In the opening chapter of Great Expectations, Charles Dickens employs pathetic fallacy, whereby the description of Pip's surroundings are ascribed human qualities. Thus, in the description of the graveyard in the marshes there is a sympathy with the feelings of little Pip. Similarly, the appearance of the man all in grey is also "sympathetic" to the atmosphere and the emotions of the scene: ambiguous and foreboding.

Into this bleak place and

the distant savage lair from which the wind was rushing was the sea and...the small bundle of shivers growing afraid of it all...was Pip....

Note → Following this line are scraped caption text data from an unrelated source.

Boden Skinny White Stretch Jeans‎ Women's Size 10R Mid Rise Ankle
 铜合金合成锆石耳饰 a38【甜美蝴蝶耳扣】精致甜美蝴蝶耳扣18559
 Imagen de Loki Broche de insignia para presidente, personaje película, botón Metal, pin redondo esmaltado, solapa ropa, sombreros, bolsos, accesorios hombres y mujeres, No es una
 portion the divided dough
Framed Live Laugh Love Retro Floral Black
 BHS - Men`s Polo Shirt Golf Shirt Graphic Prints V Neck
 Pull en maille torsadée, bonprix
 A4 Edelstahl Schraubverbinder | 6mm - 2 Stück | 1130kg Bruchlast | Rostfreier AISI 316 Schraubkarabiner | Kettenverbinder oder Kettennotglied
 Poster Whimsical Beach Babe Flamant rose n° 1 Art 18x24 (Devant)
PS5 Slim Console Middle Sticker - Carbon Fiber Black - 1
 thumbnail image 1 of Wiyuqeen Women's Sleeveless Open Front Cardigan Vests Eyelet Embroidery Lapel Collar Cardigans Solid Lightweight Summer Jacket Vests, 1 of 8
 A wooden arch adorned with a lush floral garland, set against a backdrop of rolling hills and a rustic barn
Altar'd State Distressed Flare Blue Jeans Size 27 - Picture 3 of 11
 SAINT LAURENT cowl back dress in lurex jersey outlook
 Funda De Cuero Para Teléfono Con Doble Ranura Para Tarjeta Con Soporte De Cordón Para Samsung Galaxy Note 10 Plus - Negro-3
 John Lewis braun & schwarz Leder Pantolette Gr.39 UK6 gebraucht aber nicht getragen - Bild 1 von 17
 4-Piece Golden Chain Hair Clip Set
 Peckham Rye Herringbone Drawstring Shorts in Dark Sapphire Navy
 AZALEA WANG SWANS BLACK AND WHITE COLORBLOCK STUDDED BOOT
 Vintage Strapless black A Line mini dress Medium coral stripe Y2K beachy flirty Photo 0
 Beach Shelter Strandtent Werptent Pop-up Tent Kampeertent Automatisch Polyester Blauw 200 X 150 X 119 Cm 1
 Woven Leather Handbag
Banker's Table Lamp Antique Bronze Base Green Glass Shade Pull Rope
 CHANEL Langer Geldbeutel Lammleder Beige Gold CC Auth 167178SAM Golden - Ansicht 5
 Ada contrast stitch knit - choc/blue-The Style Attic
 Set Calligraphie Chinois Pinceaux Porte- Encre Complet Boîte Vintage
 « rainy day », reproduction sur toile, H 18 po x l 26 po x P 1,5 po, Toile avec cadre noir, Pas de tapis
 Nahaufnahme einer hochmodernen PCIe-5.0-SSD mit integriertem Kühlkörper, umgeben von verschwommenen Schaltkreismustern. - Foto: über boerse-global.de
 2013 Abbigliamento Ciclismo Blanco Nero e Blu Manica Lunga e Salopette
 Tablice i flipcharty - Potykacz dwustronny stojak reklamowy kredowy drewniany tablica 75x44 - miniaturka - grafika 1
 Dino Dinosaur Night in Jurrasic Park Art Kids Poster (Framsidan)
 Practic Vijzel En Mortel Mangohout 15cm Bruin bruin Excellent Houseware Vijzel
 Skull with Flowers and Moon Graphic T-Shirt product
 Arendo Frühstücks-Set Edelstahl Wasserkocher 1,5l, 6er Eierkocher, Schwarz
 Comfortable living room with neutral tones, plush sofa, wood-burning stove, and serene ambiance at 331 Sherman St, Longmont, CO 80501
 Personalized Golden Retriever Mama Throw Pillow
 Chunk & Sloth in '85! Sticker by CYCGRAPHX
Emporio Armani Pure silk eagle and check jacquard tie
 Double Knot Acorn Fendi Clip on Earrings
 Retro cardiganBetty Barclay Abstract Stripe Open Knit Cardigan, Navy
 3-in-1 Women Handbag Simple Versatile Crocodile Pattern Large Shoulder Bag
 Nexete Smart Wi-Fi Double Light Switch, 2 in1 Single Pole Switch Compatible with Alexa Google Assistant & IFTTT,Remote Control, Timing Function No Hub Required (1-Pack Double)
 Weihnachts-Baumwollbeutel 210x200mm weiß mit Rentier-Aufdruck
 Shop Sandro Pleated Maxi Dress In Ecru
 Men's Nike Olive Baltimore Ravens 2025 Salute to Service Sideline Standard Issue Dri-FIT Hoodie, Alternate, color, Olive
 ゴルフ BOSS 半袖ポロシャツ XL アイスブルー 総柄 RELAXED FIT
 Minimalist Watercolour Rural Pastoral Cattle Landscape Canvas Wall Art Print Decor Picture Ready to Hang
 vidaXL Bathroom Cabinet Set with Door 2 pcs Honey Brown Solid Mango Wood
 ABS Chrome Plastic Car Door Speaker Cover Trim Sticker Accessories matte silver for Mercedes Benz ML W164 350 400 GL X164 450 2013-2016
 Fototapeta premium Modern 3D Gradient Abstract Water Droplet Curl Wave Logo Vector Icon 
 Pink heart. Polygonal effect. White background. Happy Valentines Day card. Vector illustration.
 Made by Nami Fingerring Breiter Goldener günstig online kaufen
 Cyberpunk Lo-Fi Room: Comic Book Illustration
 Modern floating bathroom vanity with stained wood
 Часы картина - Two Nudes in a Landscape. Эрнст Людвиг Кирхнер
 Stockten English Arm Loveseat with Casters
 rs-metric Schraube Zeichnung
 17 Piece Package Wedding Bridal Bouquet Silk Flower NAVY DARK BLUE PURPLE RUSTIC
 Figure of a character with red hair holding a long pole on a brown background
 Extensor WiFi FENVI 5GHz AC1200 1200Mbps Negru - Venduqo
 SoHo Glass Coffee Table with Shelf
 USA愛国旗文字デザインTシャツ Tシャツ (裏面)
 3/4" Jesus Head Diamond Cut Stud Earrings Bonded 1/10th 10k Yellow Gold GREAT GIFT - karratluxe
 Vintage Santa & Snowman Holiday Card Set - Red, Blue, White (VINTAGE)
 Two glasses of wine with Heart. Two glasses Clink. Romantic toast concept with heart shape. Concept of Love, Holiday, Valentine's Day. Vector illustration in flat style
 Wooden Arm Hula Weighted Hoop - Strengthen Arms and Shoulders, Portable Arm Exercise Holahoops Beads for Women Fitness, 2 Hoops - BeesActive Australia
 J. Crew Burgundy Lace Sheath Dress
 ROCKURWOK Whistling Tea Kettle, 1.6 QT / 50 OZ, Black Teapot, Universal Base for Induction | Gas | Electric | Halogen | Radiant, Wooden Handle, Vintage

enters [A] fearful man, all in coarse grey. So much like the environment is he as he is "soaked by the sea and smothered in mud." Also, like the land on which the rushing sea strikes with fury, the man in grey "with no hat and..broken shoes, and with a rag tied around his head" is lamed by his struggles from having been cut by rocks and stung by thorns. He limps and shivers into the clearing, terrifying little Pip. Wearing a leg iron, he approaches Pip, shivering and growling and then seizing the frightened boy by the throat. As his teeth clatter, he demands that Pip tell him his name and where he lives. Then, he up-ends Pip, shaking him to empty his pockets and remarking that he could eat Pip's plump cheeks.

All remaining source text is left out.